On the basis of material contained in the Soviet press as well as in accounts by escapees from the Soviet Union13 it is possible to conclude that it was not the peasants who, with the aid of the government, drove out the kulaks, as the Short History contends, but that the government, with the armed forces and police, was responsible for the mass destruction of all peasants, both poor and rich, during collectivization. It is even possible to conjecture that the well-to‑do peasants, who were also the most enlightened and educated, suffered less than the middle and poor peasants. Most of them, having realized that the Party was determined to uproot them, left their farms at the very beginning of collectivization (1929) and moved to industrial cities. The full brunt of the terror, which started in 1930 and culminated in the famine of 1932‑33, was borne by those peasants who stayed  p9 behind on their farms.
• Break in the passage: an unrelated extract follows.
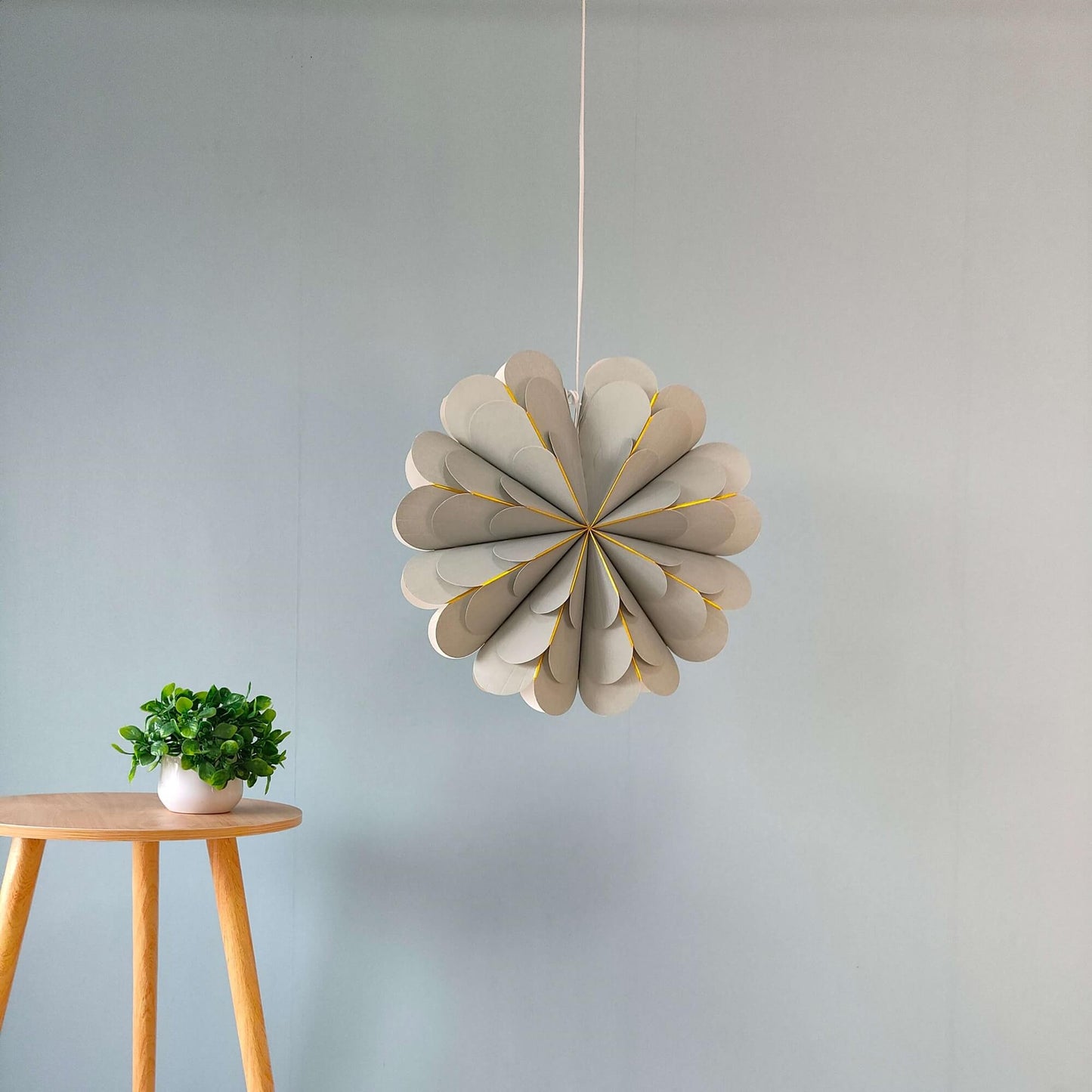 green flower paper lantern front view, 17 inch handmade decoration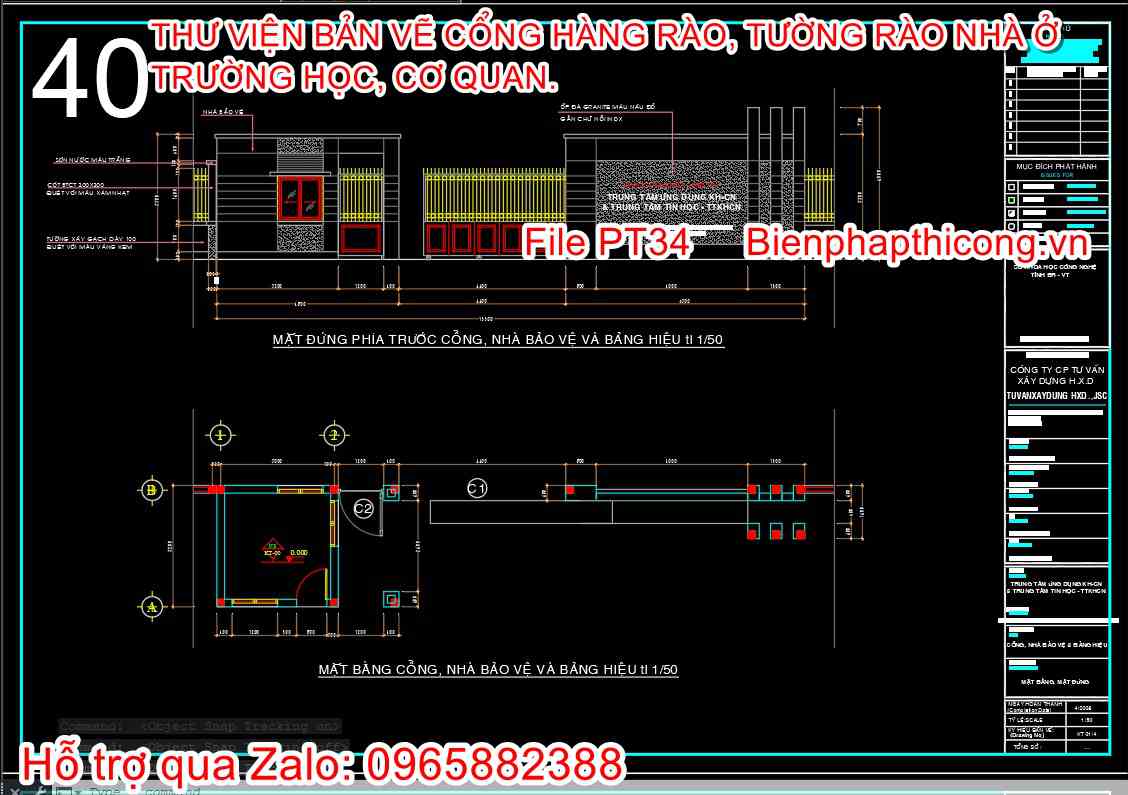 Bản vẽ cad thiết kế cổng nhà bảo vệ biển hiệu.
Hundreds of thousands of them who lost their lives at that time were probably not kulaks but poor peasants who, in 1917, were active partisans in the Civil War.14

A partial admission of the truth of this statement is made by the anonymous author of the Short History who concedes that this "revolution" was "carried out from above."15 The responsibility for the outrages of collectivization rests entirely with Stalin and the Communist Party.

The Author's Notes:

1 According to the Short History, the conference rejected the so‑called "minimum variant" proposed by the "Rightists" and accepted the "optimum variant" of the Five-Year Plan proposed by Stalin (p283).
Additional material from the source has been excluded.